What is the perceived difficulty of doing this?

Surely we can resolve a empty string to the title it relates to... (just like our client would have to)? It's a bit unfair to expect an api client e.g. app to have to know about and deal with this behaviour themselves which is why I suspect @Nullzero raised this in the first place.

I'm very confused why this got closed as invalid. I understand why it's showing up as an empty string, but I don't understand why we would continue to do this.

What is the perceived difficulty of doing this?

How would code running in the context of enwiki know that [[de:]] is supposed to be [[de:Wikipedia:Hauptseite]]? Or worse, how would code running on some third-party wiki that includes [[en:]] and [[de:]] to link to the English Wikipedia's and German Wikipedia's main pages know to turn the first into [[en:Main Page]] and the second into [[de::Wikipedia:Hauptseite]]?

Well.. something somewhere most know how that's resolved to the dewiki main page as otherwise that link wouldnt work.

If we are relying on a varnish redirect to take a user to the right place that is a little alarming and we should stop doing that by either ignoring empty strings as inputs or resolving them when rendered.

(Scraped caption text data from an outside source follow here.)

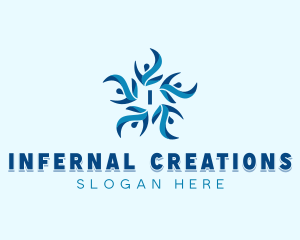 Floral Human Organization logo design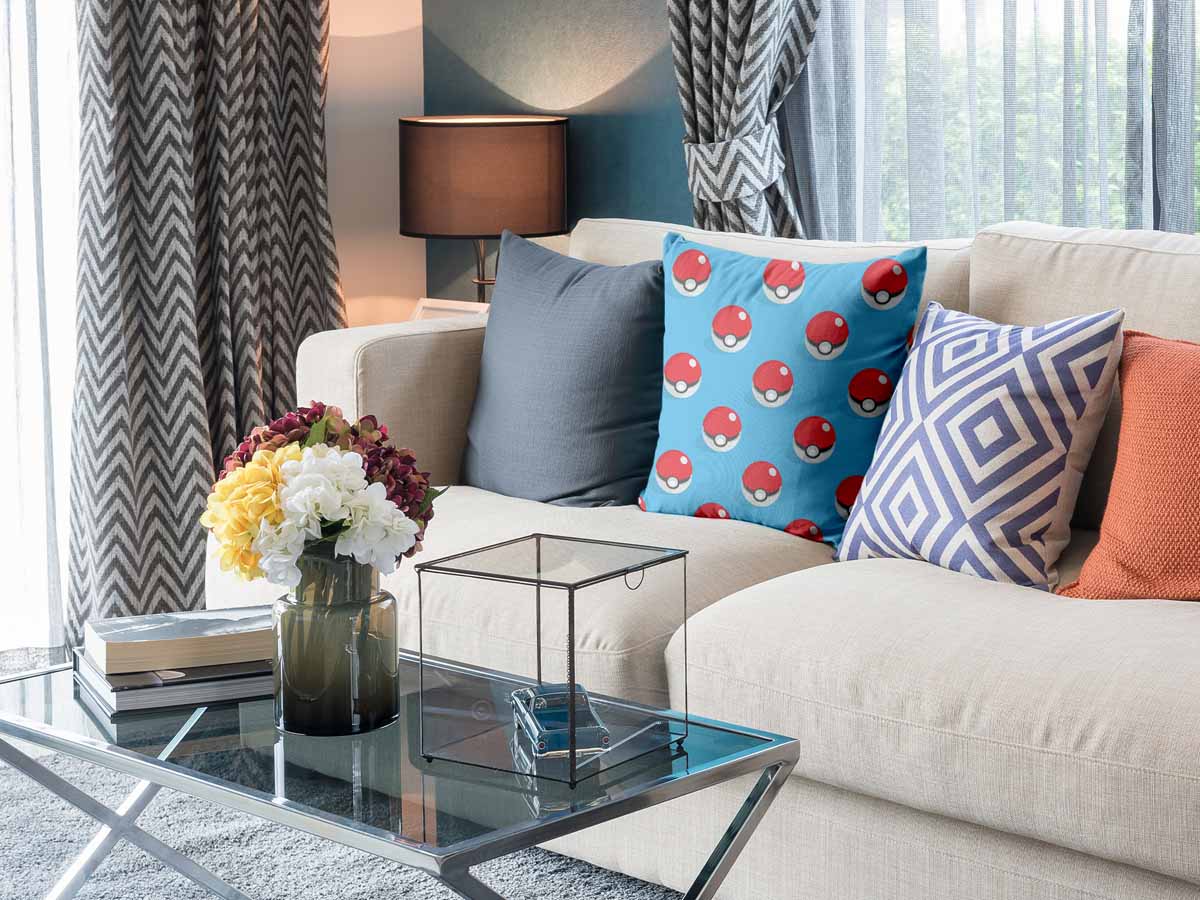 Gesundheitskissen Hellblau mit Pokemon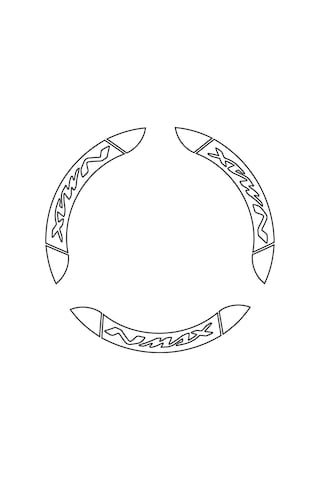 Bajaj Pulsar Ns200 Baskılı Jant Dışı Şerit Motosiklet Sticker Modeli Kırmızı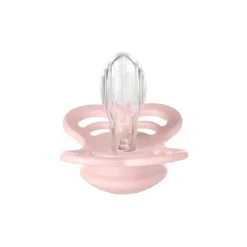 BIBS Sutter & Suttesnore*2Pk Supreme Silikone Str.2, Blossom/Dusky Lilac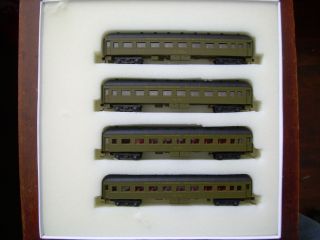 6x Southern Pacific Harriman Commuter cars. Collectors Items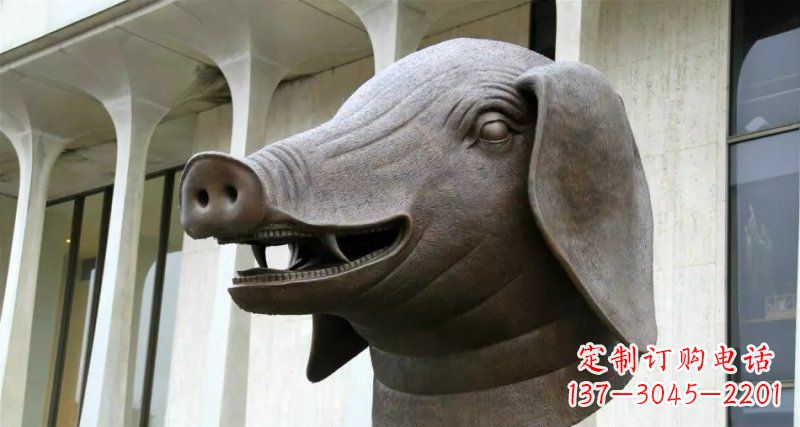 菏泽中领雕塑十二生肖铜雕,带来家庭的幸福祝福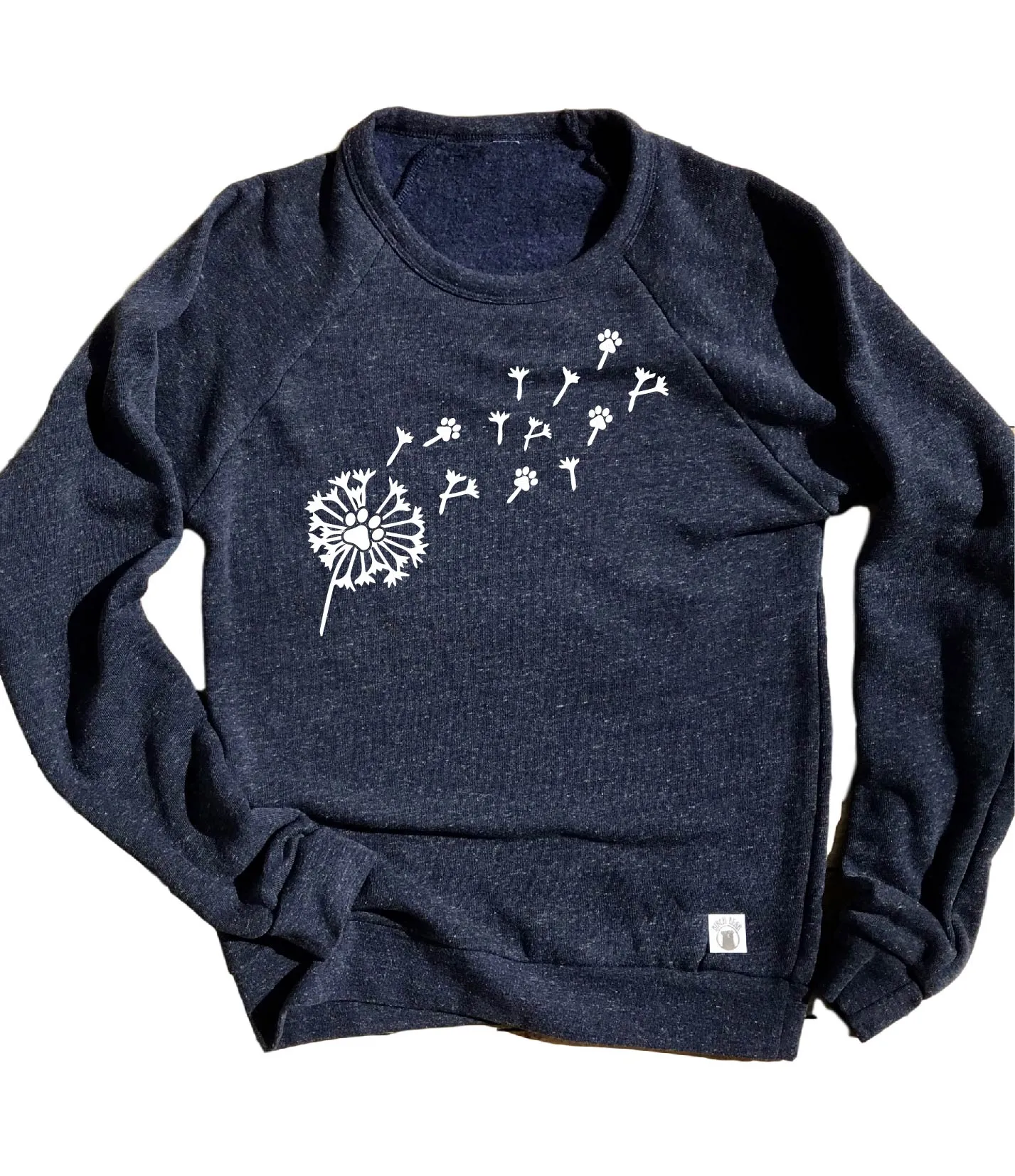Paw Dandelion Sweatshirt | Unisex Triblend Sweatshirt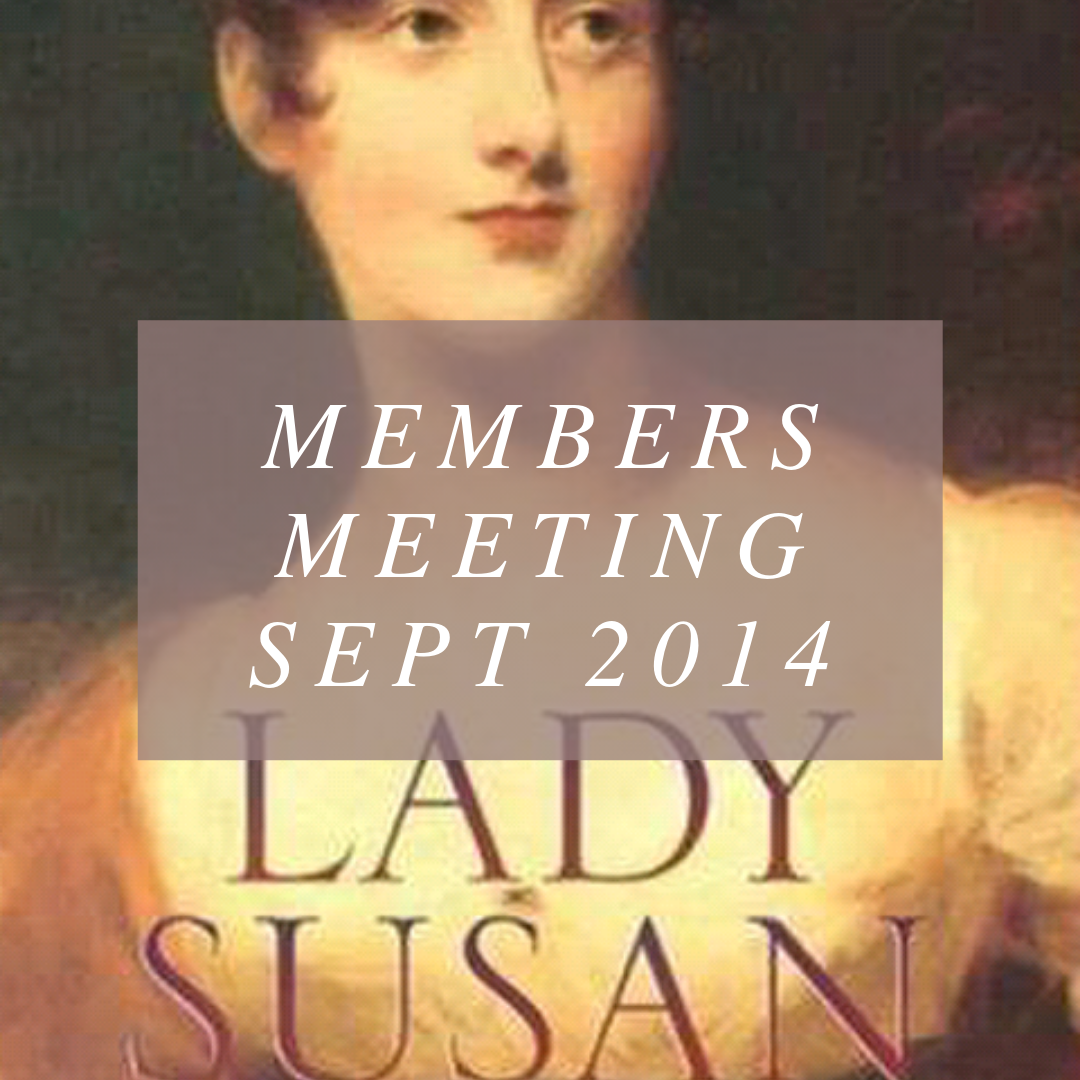 Members Meeting - Sept 27 2014
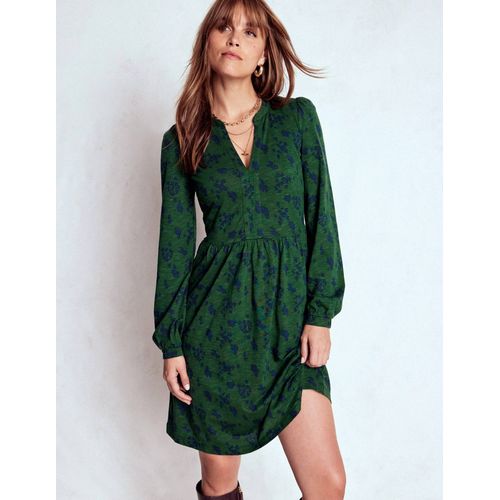 Robe Décontractée Naomi En Jersey-Vert Foncé, Motif Dainty Meadow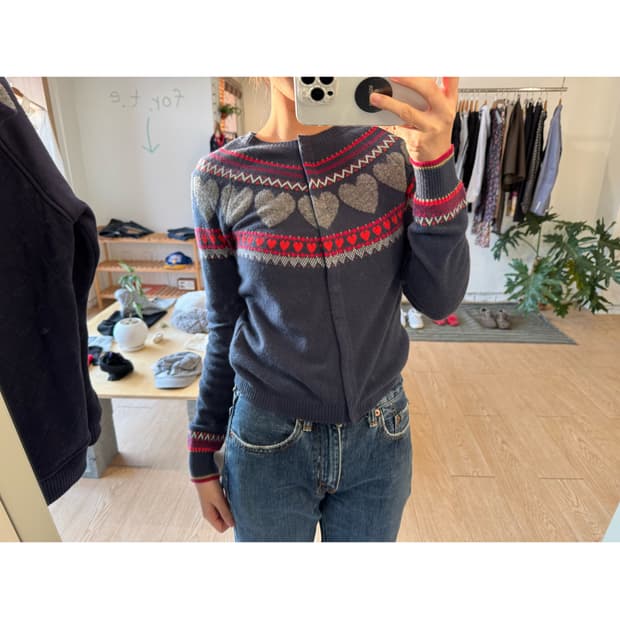 Benetton heart cardigan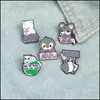 Broches épingles juste une autre broche en émail de souris épingle pour femmes robe de mode manteau demin demin metal dromon broche badg dhgarden dhhsl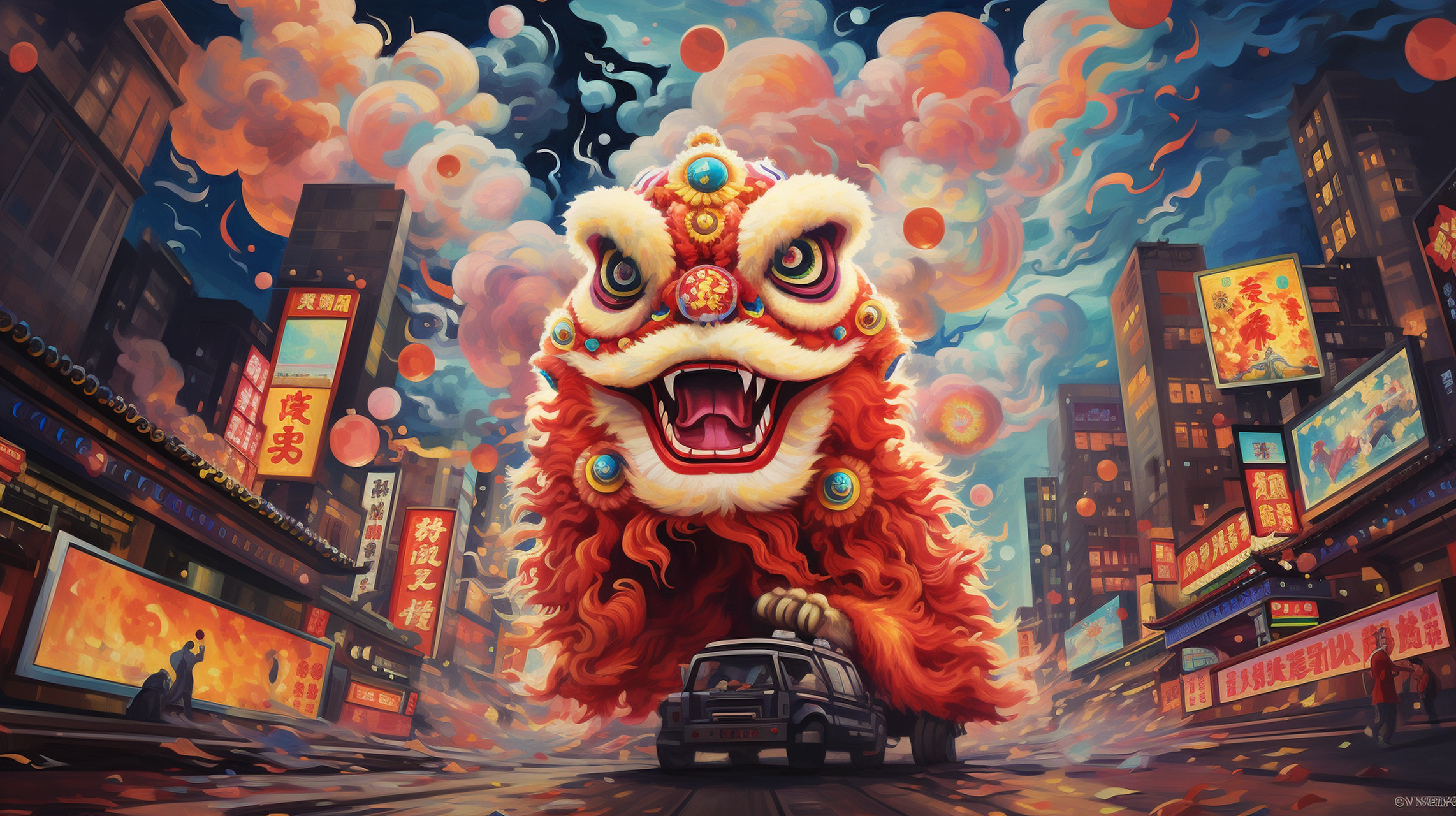 舞狮文化# #ai绘画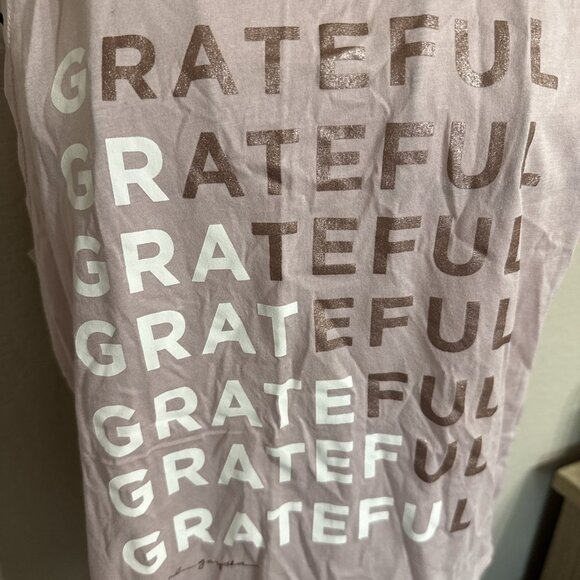 Spiritual Gangster Muscle Tank Top Grateful Pink Medium Yoga Pilates - Picture 2 of 3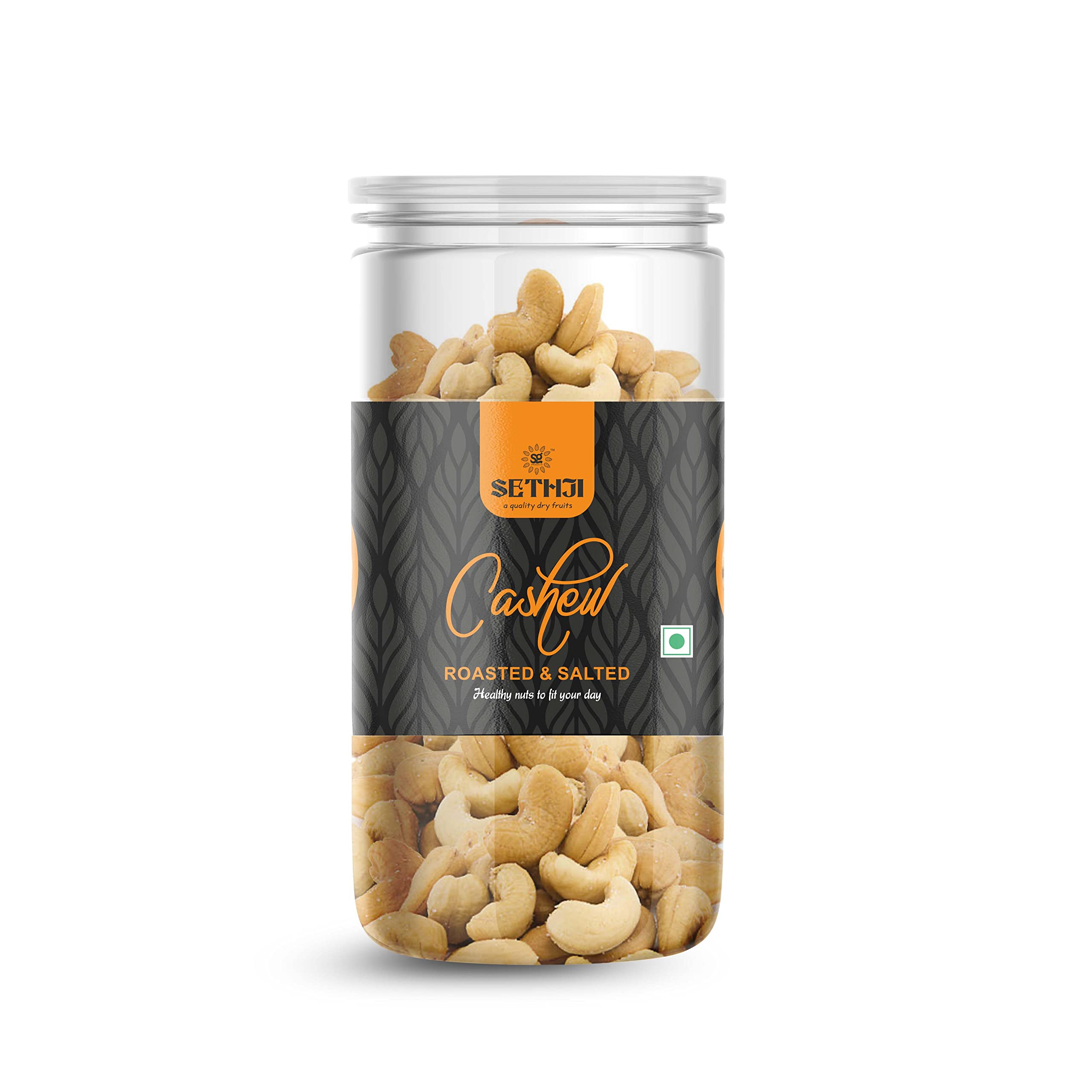 SETHJI Premium Roasted Cashew Nuts | Roasted Flavored Cashew, Jar Pack (Roasted & Salted Cashew, 500g) (B08ZDXC87C) Amazon Price History, Amazon Price Tracker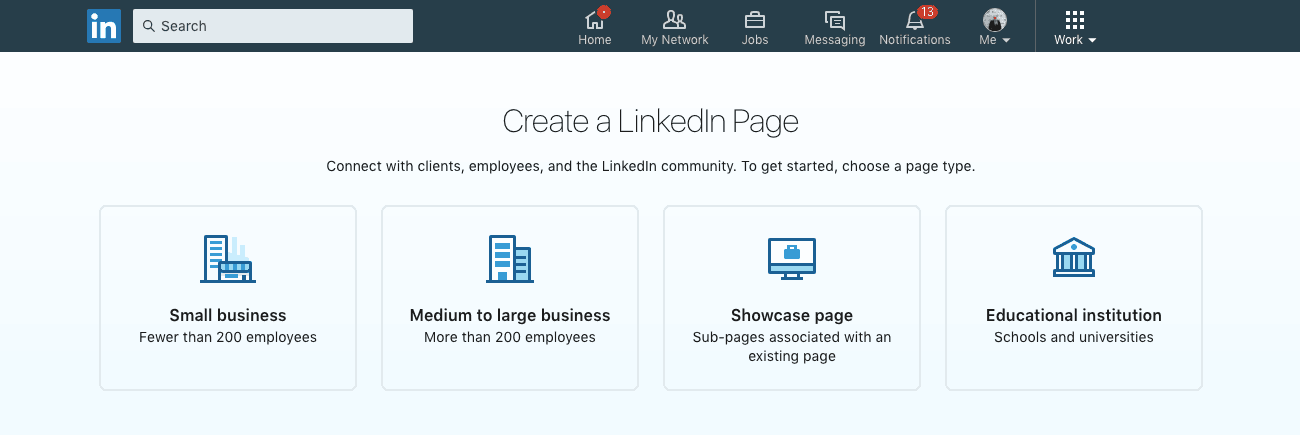 Create a Linkedin Company Page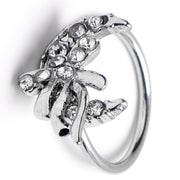 20G 5/16 Jeweled Paradise Conch Hoop Cartilage Helix Hoop Earring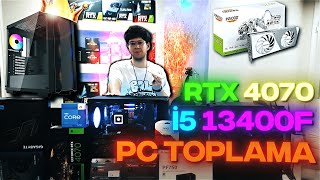 Rtx 4070 İ5 13400F Pc Toplama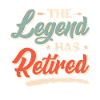 The legend retires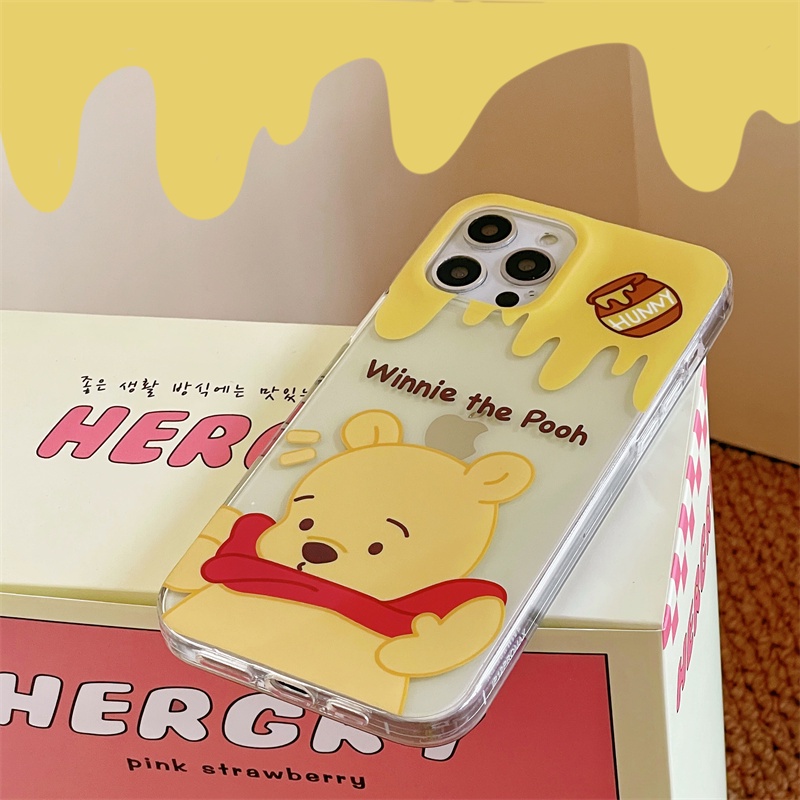 Hard Case Tpu Motif Winnie The Pooh Untuk Iphone 11 12 13pro 11PROMAX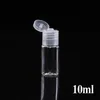 Plastic Bottle Flip Butterfly Lid For Liquid 5ML 10ML 20ML 30ML 50ML 60ML 100ML 120ML Travel Essential Oils Perfume PET Bottles With Caps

Well.. something somewhere most know how that's resolved to the dewiki main page as otherwise that link wouldnt work.

The "something somewhere" is dewiki itself. Giving every other wiki in the universe knowledge of every other wiki's configuration might be possible (via API requests to the target wiki's api.php to query it from siteinfo, for example), but would be massive overkill for this situation.

If we are relying on a varnish redirect to take a user to the right place

MediaWiki itself handles the redirect. More specifically, MediaWiki::parseTitle() finds no title in the request and so uses the wiki's main page, and then MediaWiki::tryNormaliseRedirect() sees that the requested URL with an empty title doesn't match the canonical URL for the main page and redirects.

I can't say there isn't a redirect at the varnish level on Wikimedia wikis that prevents this code from being reached, but if there is it's only an optimization.

that is a little alarming and we should stop doing that by either ignoring empty strings as inputs or resolving them when rendered.

If you really want to start an RFC to make interwiki links like [[de:]] break, feel free to do so in a separate task. Resolving them when rendered does not seem feasible, as I've described at length above.